Data shown ▸
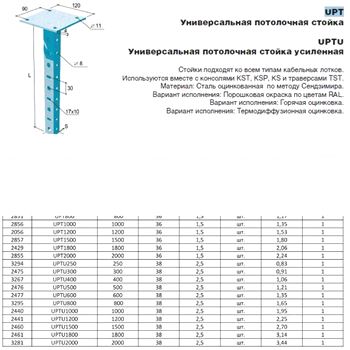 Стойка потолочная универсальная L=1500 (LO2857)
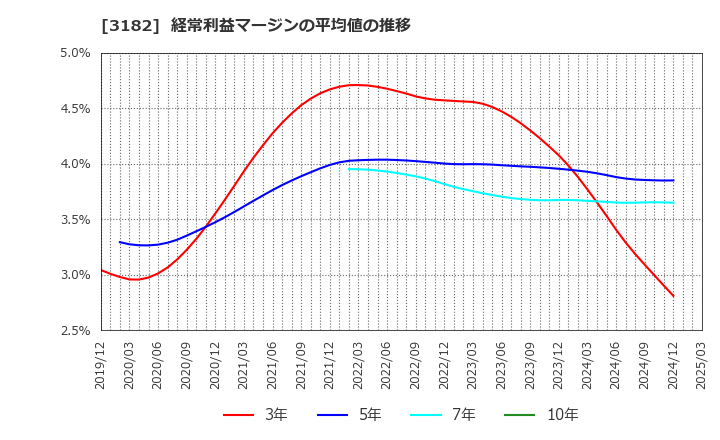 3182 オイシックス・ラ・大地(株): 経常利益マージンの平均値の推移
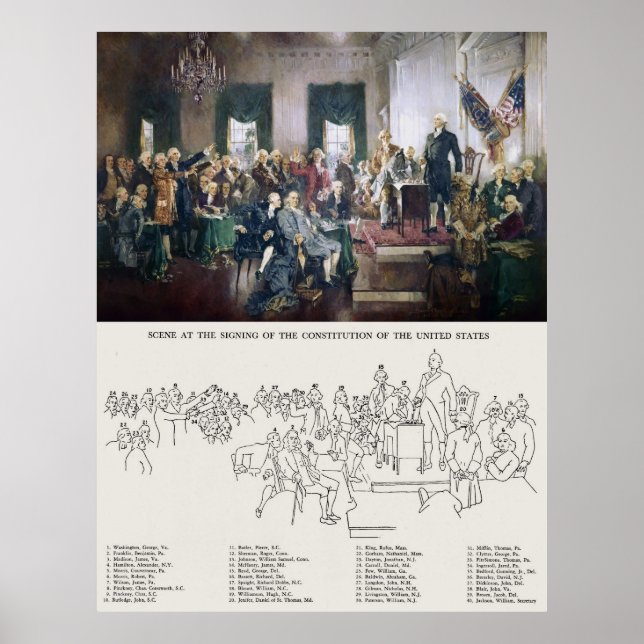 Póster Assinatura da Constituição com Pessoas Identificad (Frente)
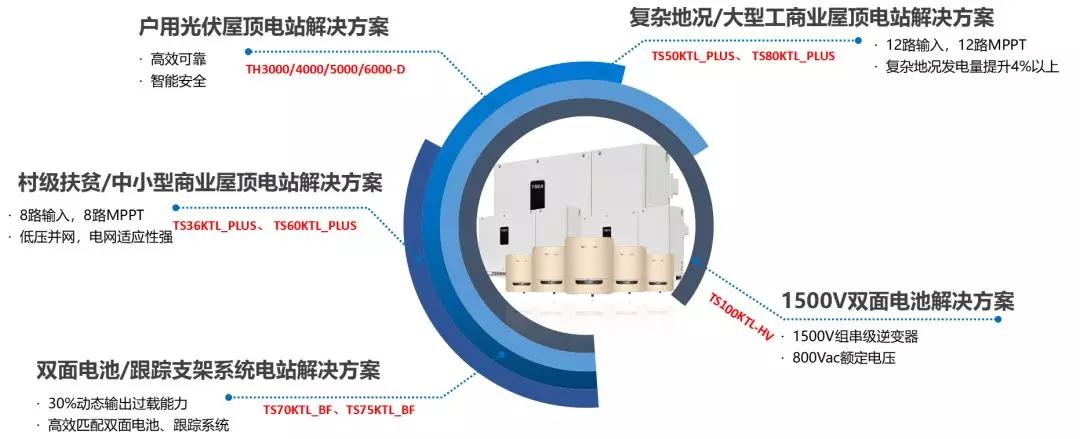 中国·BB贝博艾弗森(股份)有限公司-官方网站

==

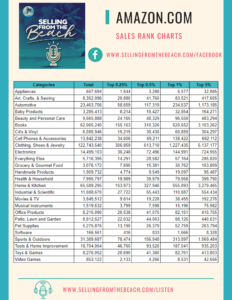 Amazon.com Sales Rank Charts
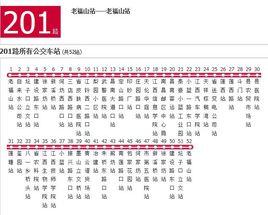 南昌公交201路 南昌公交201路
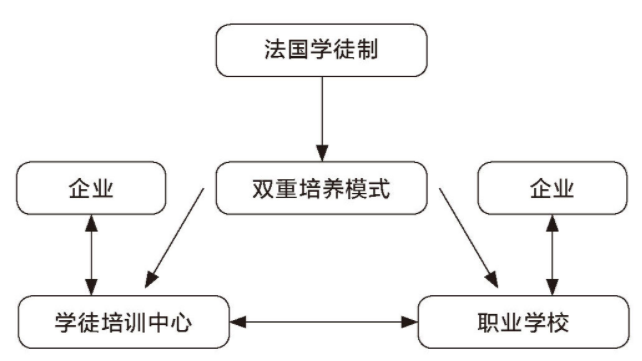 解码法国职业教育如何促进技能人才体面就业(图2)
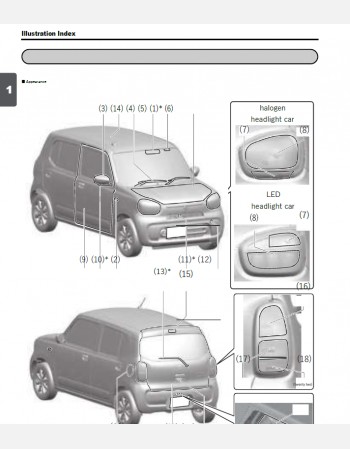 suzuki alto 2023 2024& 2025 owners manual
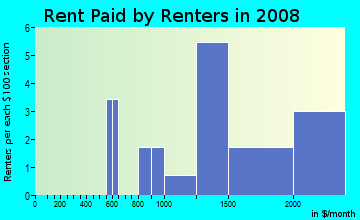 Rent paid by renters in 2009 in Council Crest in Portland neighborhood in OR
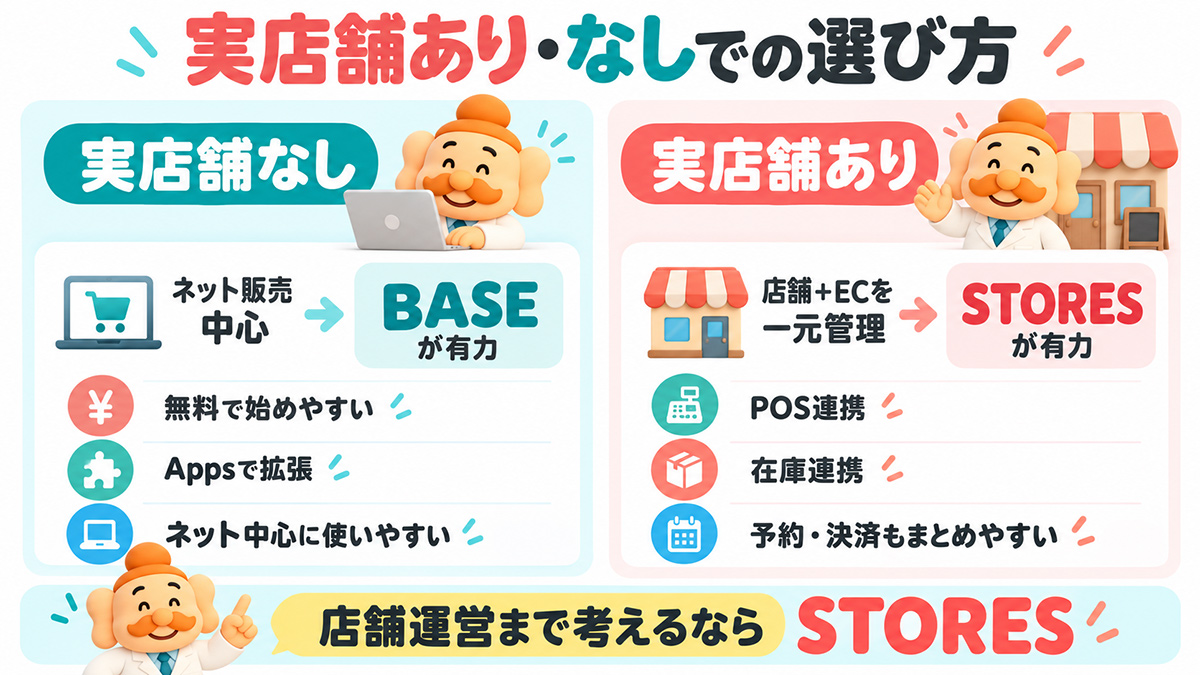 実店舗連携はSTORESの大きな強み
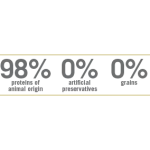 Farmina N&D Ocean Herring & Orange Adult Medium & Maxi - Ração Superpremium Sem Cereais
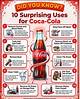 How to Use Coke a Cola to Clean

Work required ▸
Give again the stretch of the entries above that begins at the line with "解码法国职业教育如何促进技能人才体面就业(图2)" and ends at the line with "How to Use Coke a Cola to Clean", word for word, with no pictures.

Solved exercise ▸
 解码法国职业教育如何促进技能人才体面就业(图2)
 suzuki alto 2023 2024& 2025 owners manual
 Rent paid by renters in 2009 in Council Crest in Portland neighborhood in OR
 実店舗連携はSTORESの大きな強み
 Farmina N&D Ocean Herring & Orange Adult Medium & Maxi - Ração Superpremium Sem Cereais
 How to Use Coke a Cola to Clean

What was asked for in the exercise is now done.